I was immediately intrigued. What had she done? What had happened? Over time I discovered that Agnes was a 34-year-old servant woman who had been beheaded on 12 January 1830 for her role in the 1828 murders of two men. It seemed a tragic tale; Agnes had been unequivocally condemned.
Excerpts from Hannah Kent.
In northern Iceland, 1829, Agnes Magnusdottir is condemned to death for her part in the brutal murder of two men.
Agnes is sent to wait out the time leading to her execution on the farm of District Officer Jon Jonsson, his wife and their two daughters. Horrified to have a convicted murderess in their midst, the family avoids speaking with Agnes. Only Toti, the young assistant reverend appointed as Agnes's spiritual guardian, is compelled to try to understand her, as he attempts to salvage her soul.

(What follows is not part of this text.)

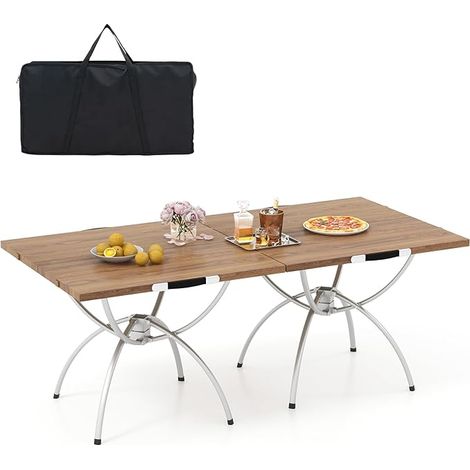 COSTWAY Se di 2 Tavolino da Campeggio, Tavolo Pieghevole da Picnic Leggero Estendibile, Telaio in Alluminio, Borsa da Trasporto e Maniglia, Tavolino Portatile Portata 25 kg, 61 x 61 x 46,5 cm (1/5)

As the summer months fall away to winter and the hardships of rural life force the household to work side by side, Agnes's ill-fated tale of longing and betrayal begins to emerge. And as the days to her execution draw closer, the question burns: did she or didn't she?
Based on a true story, Burial Rites is a deeply moving novel about personal freedom: who we are seen to be versus who we believe ourselves to be, and the ways in which we will risk everything for love. In beautiful, cut-glass prose, Hannah Kent portrays Iceland's formidable landscape, where every day is a battle for survival, and asks, how can one woman hope to endure when her life depends upon the stories told by others?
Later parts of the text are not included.